Original GAN paper published the core idea of GAN, adversarial loss, training procedure, and preliminary experimental results.
This post is part of the series on Generative Adversarial Networks in PyTorch and TensorFlow, which consists of the following tutorials:
- Introduction to Generative Adversarial Networks (GANs)
- Deep Convolutional GAN in PyTorch and TensorFlow
- Conditional GAN (cGAN) in PyTorch and TensorFlow
- Pix2Pix: Paired Image-to-Image Translation in PyTorch & TensorFlow
DCGAN generated higher-quality images by
- Using strided convolutional layers in the discriminator to downsample the images.
- Using fractionally-strided convolutional layers to upsample the images.
Let’s understand strided and fractionally strided convolutional layers then we can go over other contributions of this paper.
Types of Convolutional Layers
- 1D, 2D, 3D Strided Convolution
- Fractionally-Strided Convolution (Transposed Convolution)
- Dilated Convolution (Atrous Convolution)
- Separable Convolution (Spatially Separable Convolution)
- Flattened Convolution
- Grouped Convolution
- Shuffled Grouped Convolution
- Pointwise Grouped Convolution
Here for this post, we will pick the one that will implement the DCGAN. So, it’s only the 2D-Strided and the Fractionally-Strided Convolutional Layers that deserve your attention here.
Strided Convolutional Layer
As shown in the above figure:
The images here are two-dimensional, hence, the 2D-convolution operation is applicable. The ‘convolution’ in the convolutional layer is an element-wise multiplication with a filter. It is then followed by adding up those values to get the result
- Consider a grayscale (1-channel) image sized 5 x 5 (shown on left)
- Slide a filter of size 3 x 3 (matrix) over it, having elements [[0, 1, 2], [2, 2, 0], [0, 1, 2]].
- The filter performs an element-wise multiplication at each position and then adds to the image.
- The final output is a 3 x 3 matrix (shown on the right).
Note how the filter or kernel now strides with a step size of one, sliding pixel by pixel over every column for each row.
- In DCGAN, the authors used a Stride of 2, meaning the filter slides through the image, moving 2 pixels per step.
- The authors eliminated max-pooling, which is generally used for downsampling an image. Instead, they adopted strided convolution, with a stride of 2, to downsample the image in Discriminator.
Max-pooling has no learnable parameters.

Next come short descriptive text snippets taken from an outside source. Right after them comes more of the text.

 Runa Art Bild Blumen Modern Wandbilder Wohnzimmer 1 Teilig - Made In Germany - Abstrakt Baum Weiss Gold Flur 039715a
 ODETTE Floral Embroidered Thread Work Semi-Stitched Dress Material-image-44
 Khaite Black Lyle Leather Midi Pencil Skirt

Strided convolution generally allows the network to learn its own spatial downsampling.
Fractionally-Strided Convolutional Layer
Fractionally-strided convolution, also known as transposed convolution, is the opposite of a convolution operation.
- In a convolution operation (for example, stride = 2), a downsampled (smaller) output of the larger input is produced.

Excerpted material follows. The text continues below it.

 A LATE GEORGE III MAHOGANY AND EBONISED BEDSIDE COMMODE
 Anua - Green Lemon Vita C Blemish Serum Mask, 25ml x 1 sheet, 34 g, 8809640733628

- Whereas in a fractionally-strided operation, an upsampled (larger) output is obtained from a smaller input.
As shown in the above two figures, a 2 x 2 input matrix is upsampled to a 4 x 4 matrix. Similarly, a 2 x 2 input matrix is upsampled to a 5 x 5 matrix.

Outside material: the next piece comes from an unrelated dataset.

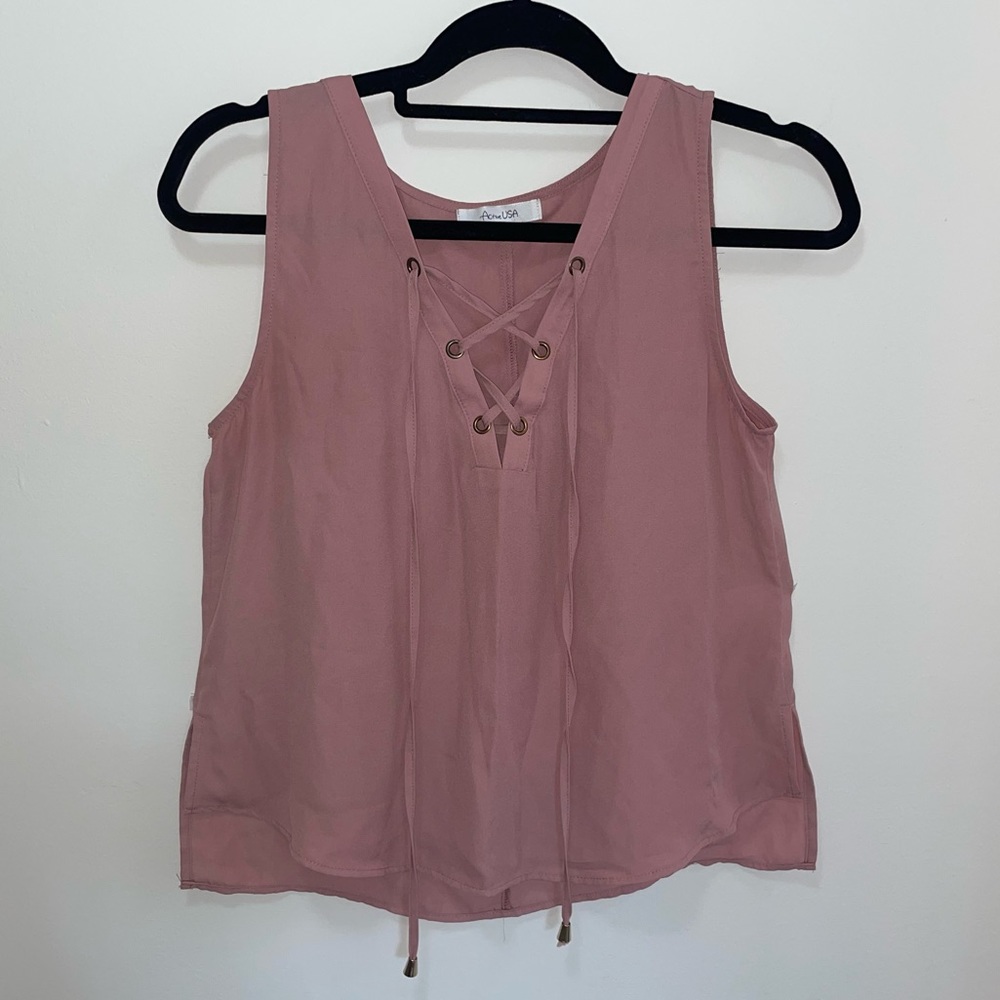 Blush Sleeveless Lace Up Blouse Size S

Traditional interpolation techniques like bilinear, bicubic interpolation too can do this upsampling. Why need something new then? That’s because they lack learnable parameters. In this case it cannot be trained on your data. The fractionally-strided convolution based on Deep learning operation suffers from no such issue. It easily learns to upsample or transform the input space by training itself on the given data, thereby maximizing the objective function of your overall network.
Transposed or fractionally-strided convolution is used in many Deep Learning applications like Image Inpainting, Semantic Segmentation, Image Super-Resolution etc.
In DCGAN, the authors used a series of four fractionally-strided convolutions to upsample the 100-dimensional input, into a 64 × 64 pixel image in the Generator.
For more details on fractionally-strided convolutions, consider reading the paper A guide to convolution arithmetic for deep learning.
Enough of theory, right? Let’s get our hands dirty by writing some code, and see DCGAN in action.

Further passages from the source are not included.